|
|
|
|
Tenofovir Alafenamide for Pregnant Chinese Women with Active
Chronic Hepatitis B: A Multicenter Prospective Study
|
|
|
Download the PDF here
Dec 10 2021
Here, we report the safety and effectiveness profiles in pregnant women with active CHB and their infants when TAF is administered throughout gestation or beginning in the early phase of pregnancy.
This multicenter prospective study was conducted in 11 public referral hospitals in China. All chronic HBV-infected pregnant women and women contemplating pregnancy were assessed for eligibility from January 1, 2019, to March 31, 2020. Pregnant women with active CHB who were treated with TAF or tenofovir disoproxil fumarate (TDF) were enrolled, and those pregnant women and their infants were followed until at least postpartum months 6 and 7, respectively. The final follow-up date was September 30, 2021.

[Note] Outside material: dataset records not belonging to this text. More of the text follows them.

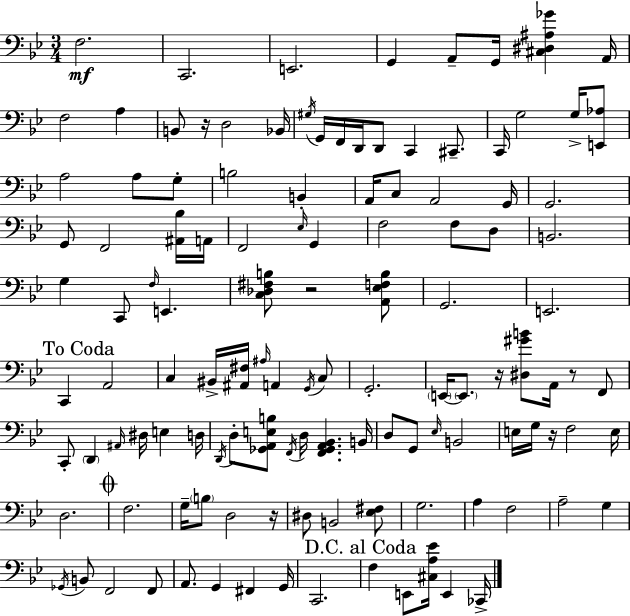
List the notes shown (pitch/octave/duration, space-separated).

F3/h. C2/h. E2/h. G2/q A2/e G2/s [C#3,D#3,A#3,Gb4]/q A2/s F3/h A3/q B2/e R/s D3/h Bb2/s G#3/s G2/s F2/s D2/s D2/e C2/q C#2/e. C2/s G3/h G3/s [E2,Ab3]/e A3/h A3/e G3/e B3/h B2/q A2/s C3/e A2/h G2/s G2/h. G2/e F2/h [A#2,Bb3]/s A2/s F2/h Eb3/s G2/q F3/h F3/e D3/e B2/h. G3/q C2/e F3/s E2/q. [C3,Db3,F#3,B3]/e R/h [A2,Eb3,F3,B3]/e G2/h. E2/h. C2/q A2/h C3/q BIS2/s [A#2,F#3]/s A#3/s A2/q G2/s C3/e G2/h. E2/s E2/e. R/s [D#3,G#4,B4]/e A2/s R/e F2/e C2/e D2/q A#2/s D#3/s E3/q D3/s D2/s D3/e [Gb2,A2,E3,B3]/e F2/s D3/s [F2,Gb2,A2,Bb2]/q. B2/s D3/e G2/e Eb3/s B2/h E3/s G3/s R/s F3/h E3/s D3/h. F3/h. G3/s B3/e D3/h R/s D#3/e B2/h [Eb3,F#3]/e G3/h. A3/q F3/h A3/h G3/q Gb2/s B2/e F2/h F2/e A2/e. G2/q F#2/q G2/s C2/h. F3/q E2/e [C#3,A3,Eb4]/s E2/q CES2/s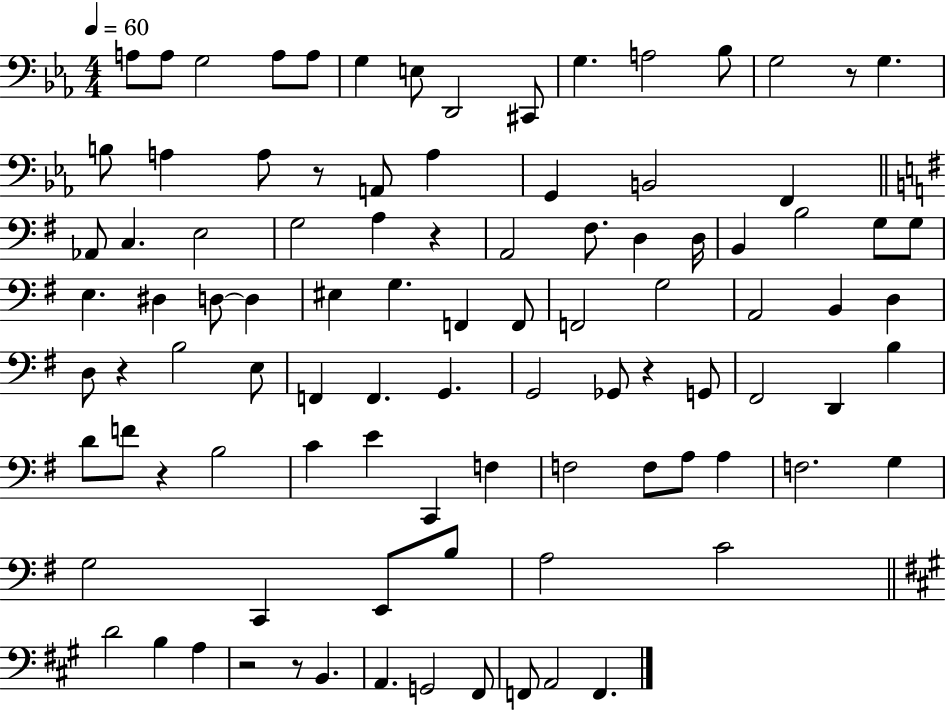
X:1
T:Untitled
M:4/4
L:1/4
K:Eb
A,/2 A,/2 G,2 A,/2 A,/2 G, E,/2 D,,2 ^C,,/2 G, A,2 _B,/2 G,2 z/2 G, B,/2 A, A,/2 z/2 A,,/2 A, G,, B,,2 F,, _A,,/2 C, E,2 G,2 A, z A,,2 ^F,/2 D, D,/4 B,, B,2 G,/2 G,/2 E, ^D, D,/2 D, ^E, G, F,, F,,/2 F,,2 G,2 A,,2 B,, D, D,/2 z B,2 E,/2 F,, F,, G,, G,,2 _G,,/2 z G,,/2 ^F,,2 D,, B, D/2 F/2 z B,2 C E C,, F, F,2 F,/2 A,/2 A, F,2 G, G,2 C,, E,,/2 B,/2 A,2 C2 D2 B, A, z2 z/2 B,, A,, G,,2 ^F,,/2 F,,/2 A,,2 F,,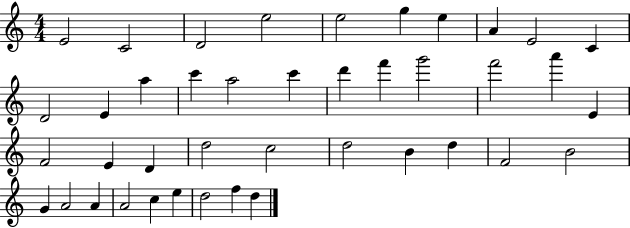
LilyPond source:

{
  \clef treble
  \numericTimeSignature
  \time 4/4
  \key c \major
  e'2 c'2 | d'2 e''2 | e''2 g''4 e''4 | a'4 e'2 c'4 | \break d'2 e'4 a''4 | c'''4 a''2 c'''4 | d'''4 f'''4 g'''2 | f'''2 a'''4 e'4 | \break f'2 e'4 d'4 | d''2 c''2 | d''2 b'4 d''4 | f'2 b'2 | \break g'4 a'2 a'4 | a'2 c''4 e''4 | d''2 f''4 d''4 | \bar "|."
}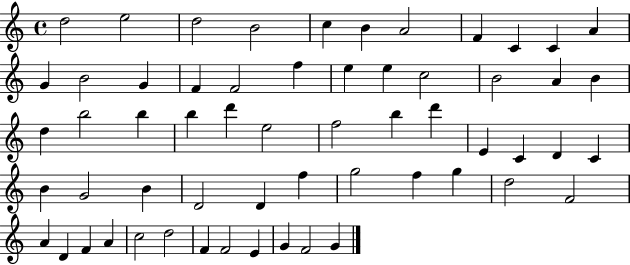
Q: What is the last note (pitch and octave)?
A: G4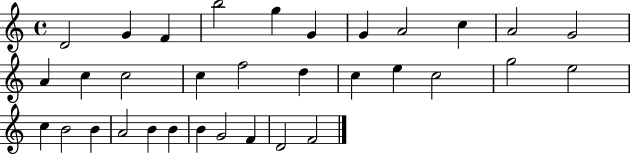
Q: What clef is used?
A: treble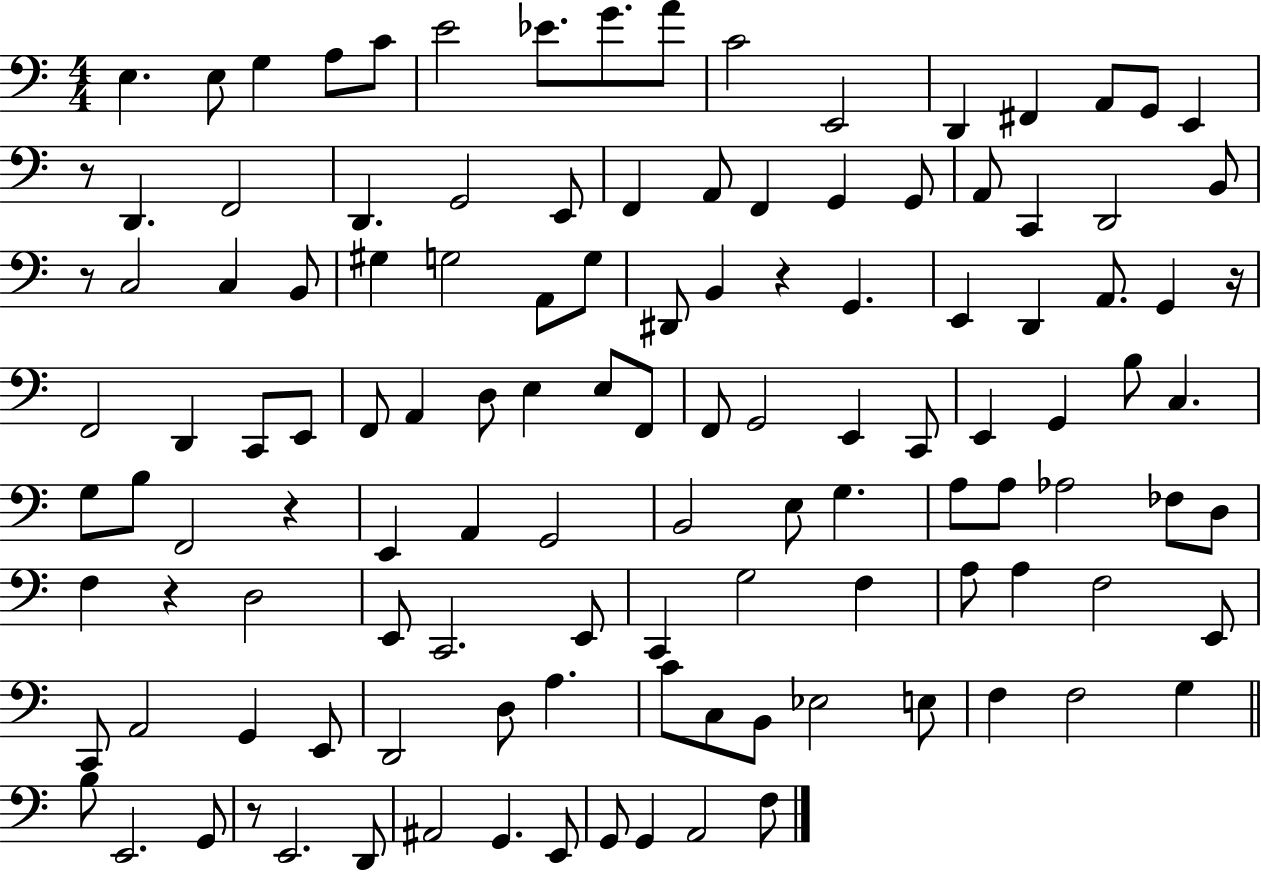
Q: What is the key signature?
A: C major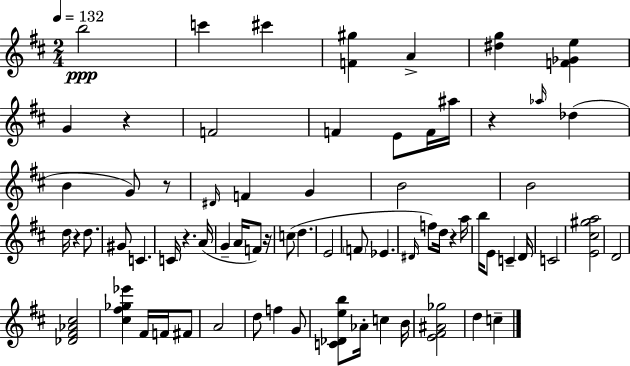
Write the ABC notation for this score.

X:1
T:Untitled
M:2/4
L:1/4
K:D
b2 c' ^c' [F^g] A [^dg] [F_Ge] G z F2 F E/2 F/4 ^a/4 z _a/4 _d B G/2 z/2 ^D/4 F G B2 B2 d/4 z d/2 ^G/2 C C/4 z A/4 G A/4 F/2 z/4 c/2 d E2 F/2 _E ^D/4 f/2 d/4 z a/4 b/4 E/2 C D/4 C2 [E^c^ga]2 D2 [_D^F_A^c]2 [^c^f_g_e'] ^F/4 F/4 ^F/2 A2 d/2 f G/2 [C_Deb]/2 _A/4 c B/4 [E^F^A_g]2 d c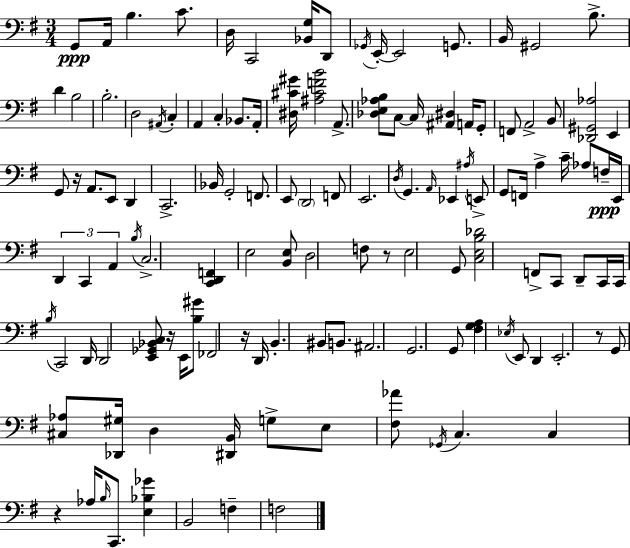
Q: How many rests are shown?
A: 6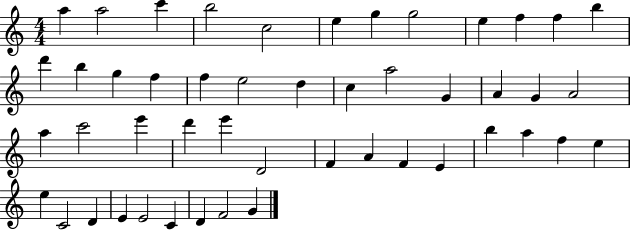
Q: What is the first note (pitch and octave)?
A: A5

At the 7-month visit for infants, no infant was positive for HBsAg, i.e., the MTCT rate was 0%. Additionally, 101 (99.0%) and 104 (100%) infants were positive for anti-HBs, with mean levels of 404.9 (± 285.3) and 411.0 (± 253.8) mIU/ml in the TAF and TDF
groups, respectively. Notably, the abovementioned anti-HBs levels may be underestimated because 7 and 6 infants' anti-HBs levels were reported as "> 1000 mIU/ml" in the TAF and TDF groups, respectively, and were calculated as 1000 mIU/ml.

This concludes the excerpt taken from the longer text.